Monthly Archives: October 2018

Racisms in Higher Education: Why is my research group so white?

Our second landscape surgery of this year was convened by Saskia Papadakis, a PhD student in the Geography department at Royal Holloway, with research interests in nationality, culture and identity; the English North-South divide; and transregional migration within England. We were delighted to be joined by three guest speakers: Dom Jackson-Cole, Chantelle Lewis and Tissot Regis. The session focused on the absence of people of colour at postgraduate level and beyond in UK higher education (HE). Given the number of students of colour at undergraduate level in the UK, why are the academic staff and PhD students our speakers work with almost all white? Our speakers discussed the ways in which universities exclude and profit from postgraduate students of colour, how it feels to be a racialised outsider in HE, and why histories and realities of racism are relevant to everyone, not just students of colour.

Recording Surviving Society Podcast

Saskia, Tissot, Chantelle and Dom recording Landscape Surgery for their ‘Surviving Society’ podcast. Photography by Alice Reynolds

Our first speaker of the session, Dom Jackson-Cole, has worked in the higher education (HE) sector for over ten years, and is an Equality and Diversity Advisor at SOAS University of London. He is currently completing his PhD at the University of East London, where he is exploring issues of racism in postgraduate education in England. Dom spoke about the endemic presence of racism within HE, in which people of colour directly and indirectly experience abhorrent systematic and institutional barriers in their postgraduate educations.

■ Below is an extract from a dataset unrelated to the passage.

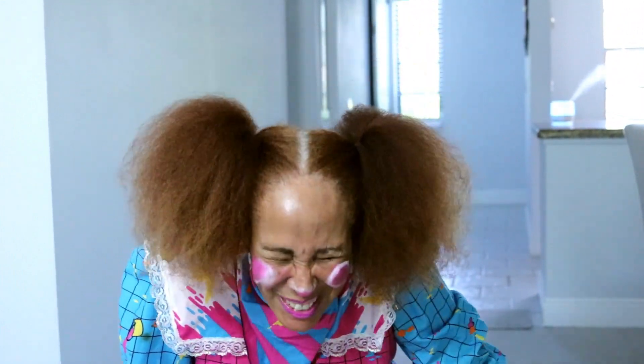Hello boys and girls. Welcome to Adventures with Baby. I'm just being silly, but I am a teacher and I want to teach you a lot of things. Some of the things I might be teaching you are washing the dishes, making up your bed, tying your shoes, and much, much more.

Dom introduced Gillborn’s Critical Race Theory (CRT), an approach which offers a radical lens through which to make sense of, deconstruct and challenge racial inequality in society (Rollock and Gillborn, 2011), a theory which has grown to become one of the most important perspectives on racism in education internationally. As a body of scholarship immersed in radical activism, CRT seeks to explore and challenge the pervasiveness of racial inequality in society, whilst based on the understanding that race and racism are the product of social thought and power relations (Rollock and Gillborn, 2011).

Our second speaker, Chantelle Lewis, is an activist, sociologist, podcaster and PhD researcher at Goldsmiths. Chantelle also works with the charity Leading Routes, a network of black students and academics, and is the Programme Director of Black in Academia, which aims to further the conversation about the representation and experiences of black students and staff in universities within the UK. With her research on mixed-race families in a mostly white town in the West Midlands, Chantelle wants to challenge common-sense understandings of race, class and gender. Chantelle spoke about the challenges she had faced within HE, discussing difficulties in navigating spaces as a working-class black woman, where she has “been at the hurdles of the meritocracy of whiteness”.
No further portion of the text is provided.